Print all of the entries exactly, minus the pictures.

(Collected data)
◇ ◇ ◇ ◇ ◇ ◇ ◇

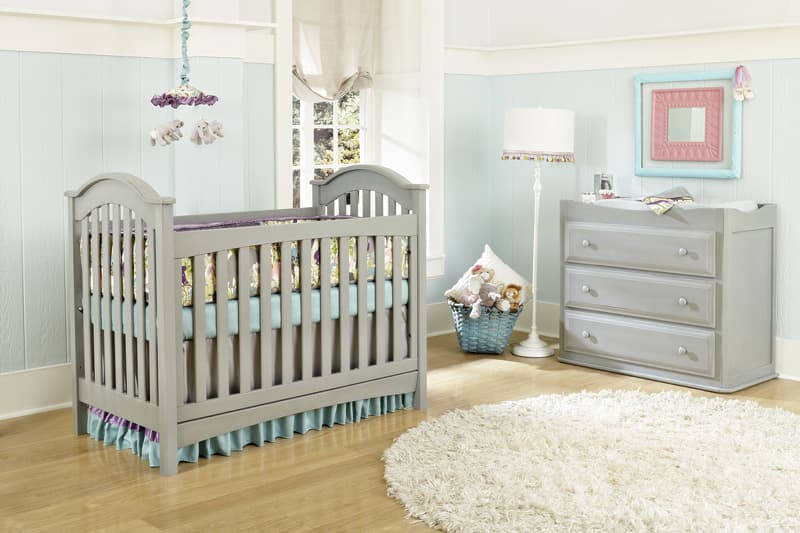 Cribs, furniture and accessories with vintage gray paint finish - Image 2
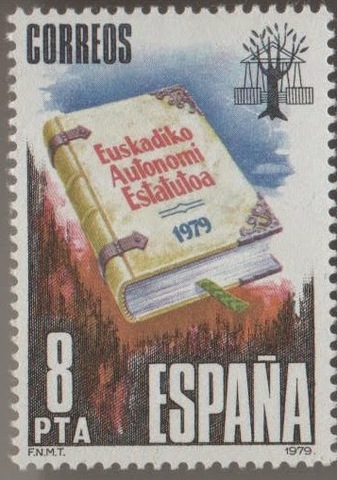 Primeros Estatutos de Autonomía (País Vasco y Cataluña).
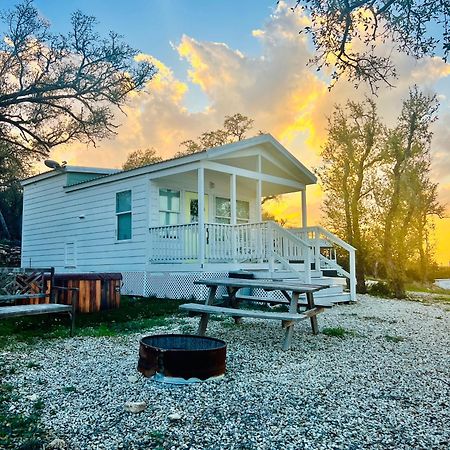 The Perch- Texas Tiny Haus With Amazing Views Βίλα Spring Branch Εξωτερικό φωτογραφία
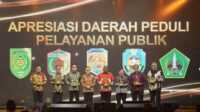 apresiasi kompas tv, bupati inhil raih penghargaan Bupati Inhil H.M Wardan (2 kiri) menerima penghargaan kategori "Apresiasi daerah peduli pelayanan publik" pada malam apresiasi Kompas TV dalam HUT ke-12 di Jakarta, Senin (11/9/2023) malam. (Bagian Prokopim Setdaka =b Inhil)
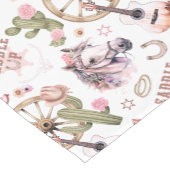 ウェスタン女性のカーボーイベイビーシャワーテーブルランナー – ピンク ショートテーブルランナー (コーナー)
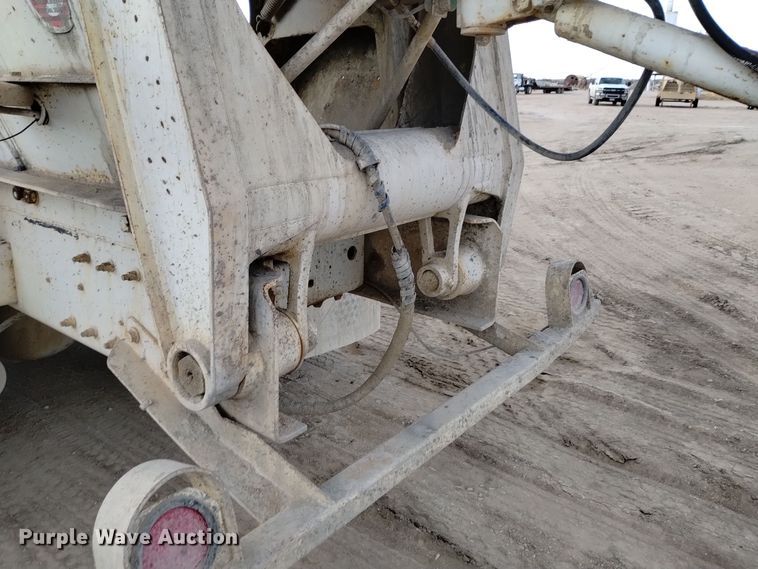 image for item DQ5978 1999 International 5000 ready mix truck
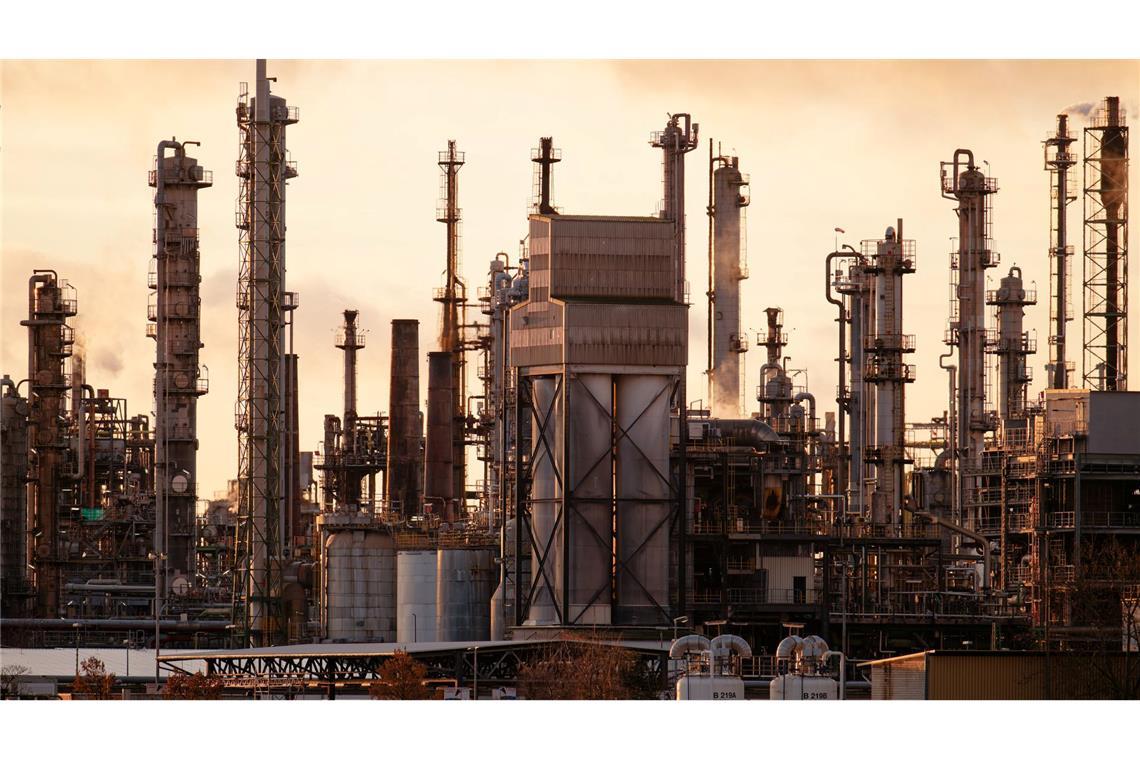 Die Chemieindustrie leidet unter hohen Energiepreisen und der Konjunkturflaute. (Archivbild)
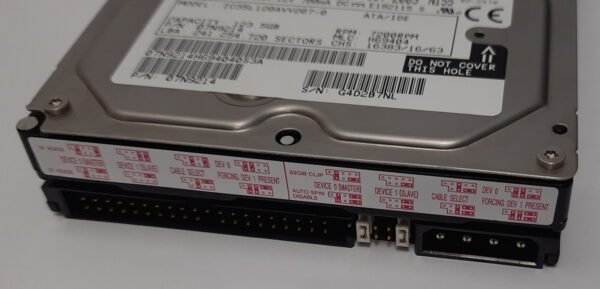 Hitachi Deskstar IC35L120AVV207-0 IDE Festplatte (123GB, 7200U/min, retro, 2003) - Image 2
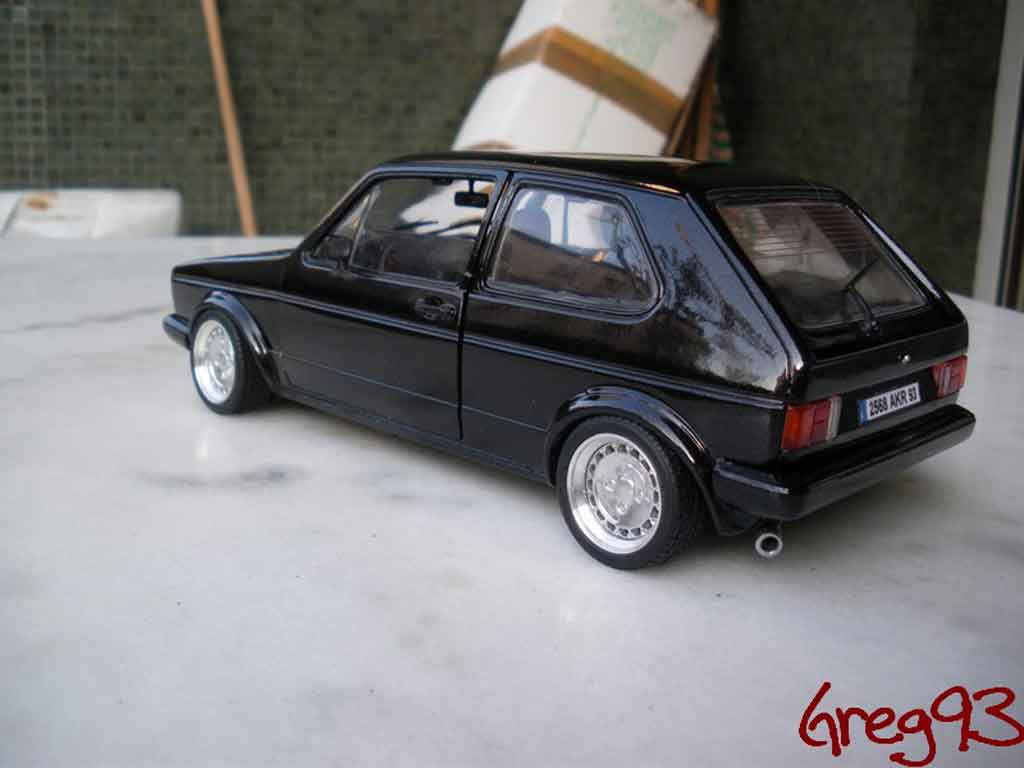 Volkswagen Golf GTI jantes schmidt 1/18 Solido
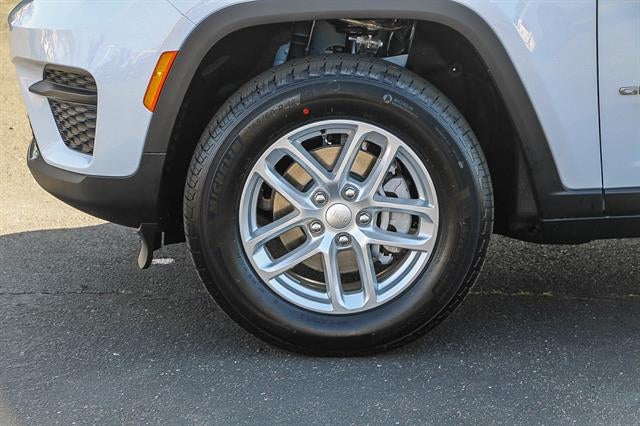 2026 Jeep Grand Cherokee GRAND CHEROKEE LAREDO X 4X4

◇ ◇ ◇ ◇ ◇ ◇ ◇

» TASK ANSWER:
 Cribs, furniture and accessories with vintage gray paint finish - Image 2
 Primeros Estatutos de Autonomía (País Vasco y Cataluña).
 The Perch- Texas Tiny Haus With Amazing Views Βίλα Spring Branch Εξωτερικό φωτογραφία
 apresiasi kompas tv, bupati inhil raih penghargaan Bupati Inhil H.M Wardan (2 kiri) menerima penghargaan kategori "Apresiasi daerah peduli pelayanan publik" pada malam apresiasi Kompas TV dalam HUT ke-12 di Jakarta, Senin (11/9/2023) malam. (Bagian Prokopim Setdaka =b Inhil)
 ウェスタン女性のカーボーイベイビーシャワーテーブルランナー – ピンク ショートテーブルランナー (コーナー)
 image for item DQ5978 1999 International 5000 ready mix truck
 Die Chemieindustrie leidet unter hohen Energiepreisen und der Konjunkturflaute. (Archivbild)
 Hitachi Deskstar IC35L120AVV207-0 IDE Festplatte (123GB, 7200U/min, retro, 2003) - Image 2
 Volkswagen Golf GTI jantes schmidt 1/18 Solido
 2026 Jeep Grand Cherokee GRAND CHEROKEE LAREDO X 4X4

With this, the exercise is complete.